Nairobi city. The city where everyone is in a hurry and almost everyone is ever late. It beats purpose to drive a Bugatti on a potholed road or one with traffic right? That’s the case of Betsy in Nairobi traffic madness as TED narrates his encounter.

I was almost dying. I was even thinking of what my will would be like – the hardest part being deciding who I would leave my beloved Betsy with. Betsy for those who are here for the first time is my blue Subaru. She is my baby. My sister Phoebe was definitely not an option. That girl is once told me ‘your car makes too much noise’ – Hah! My brother Manu still had some work to do but he was winning this one.

If you want to try to kill me, there is one efficient way – traffic. Put me in traffic for a couple of hours and I will be toast before you even know it. I am not talking of small-small traffic like that one of Jogoo Road but something like the hell on those tu roundabouts around Nyayo Stadium.

I was driving on Kangundo Road on a Saturday night heading to see my old man’. My guy Billie was with me. Billie Salano and I met back in the day in high school where we were desk mates. He was a mean ass rugby player- best scrum half I have ever seen play- and I was the rugby team ‘doctor’ so we basically became brothers. No one, and I mean absolutely no one cooks better pork than this guy. I have tried his recipe a thousand times, and tasted pork in many places but none is like his. It is as if this guy himself is an ingredient. Even my parents know it.

It usually takes about an hour and a half from my place to theirs’ so I was sure that having left at 7pm, we would be there before the dreaded 9pm. There was to be no traffic – everyone knows there is no traffic on Saturdays. In fact, there is never traffic on this road – It just does not happen. So, when we got there, we could not believe what we were seeing.

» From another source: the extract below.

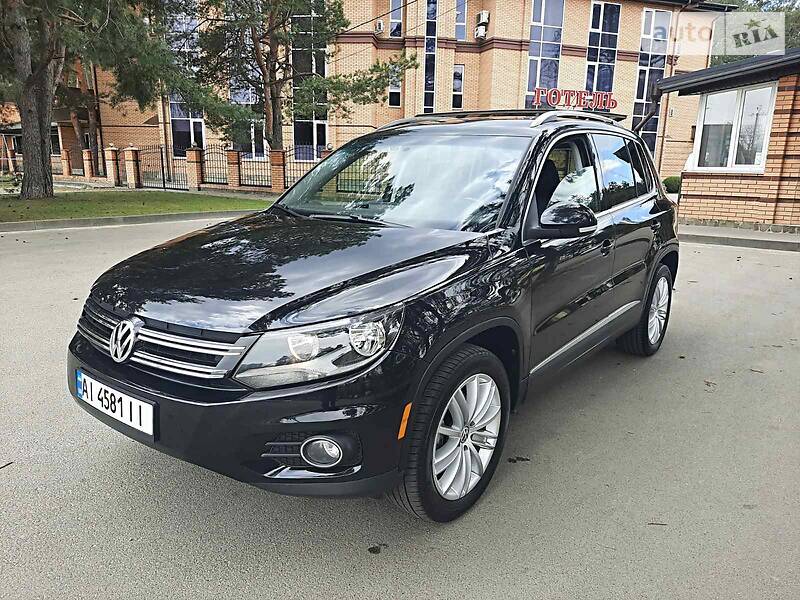 Внедорожник / Кроссовер Volkswagen Tiguan 2011 в Киеве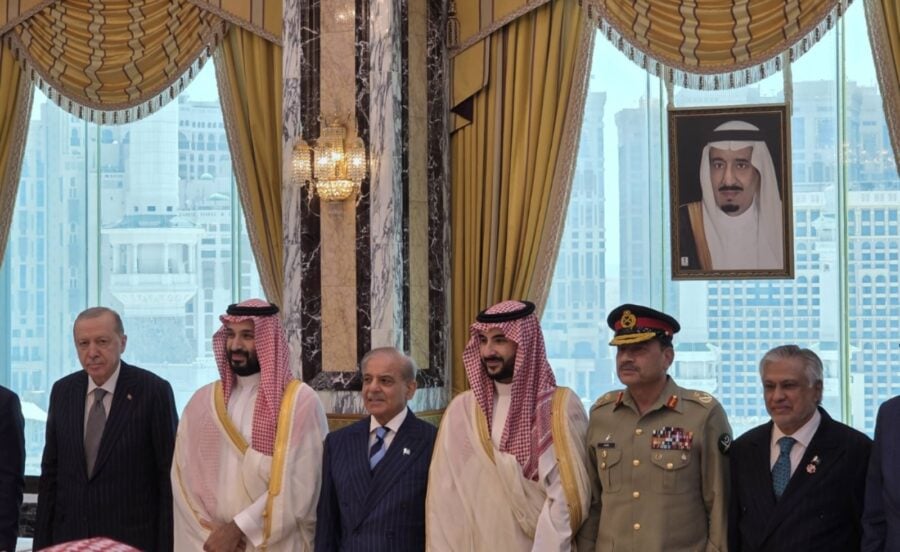 Saudi Arabia Pakistan Turkiye Sign Makkah Joint Defence Agreement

This was total chaos. The two-way road was now a seven-way. Everyone was hooting and rowdy trying to create their own way through. I have never seen so many personal cars on the road in Kenya – I am not kidding. The car selling industry must be really nice. I wondered where so many people were coming from on a weekend night seeing that bars were closed. It was so bad that even the police could do nothing. Matatus drivers were behaving like matatu drivers, you know how they are. To make it worse, it was raining.

I felt misery creep into me like a tsunami wave. It was 10pm and we had gained only a couple of meters. Every radio station I switched to made me more miserable. I wished I had a helicopter or a horse. I kept on regretting why I did not go home on Sunday as I usually do. I looked at Billie and the guy was deep asleep, his snoring like a soft purr. How could someone sleep amidst all this?

On the backseat was some house shopping, our backpacks of clothes and two bottles of Jameson – one a gift for my old man and the other to keep us busy. I could not do this anymore – if I did, I was surely going to die. I woke the guy up to get him to take the wheel – Billie and my old man are the two guys who I would completely trust to drive Betsy. I could see that he wanted to complain but didn’t – and that directly put him in contention for Betsy too.

I went to the back seat, opened one Jameson bottle and chugged five huge sips straight. I told Billie to put some reggae on or turn the damn radio off. If I was going to die, I must as well have gone while drunk.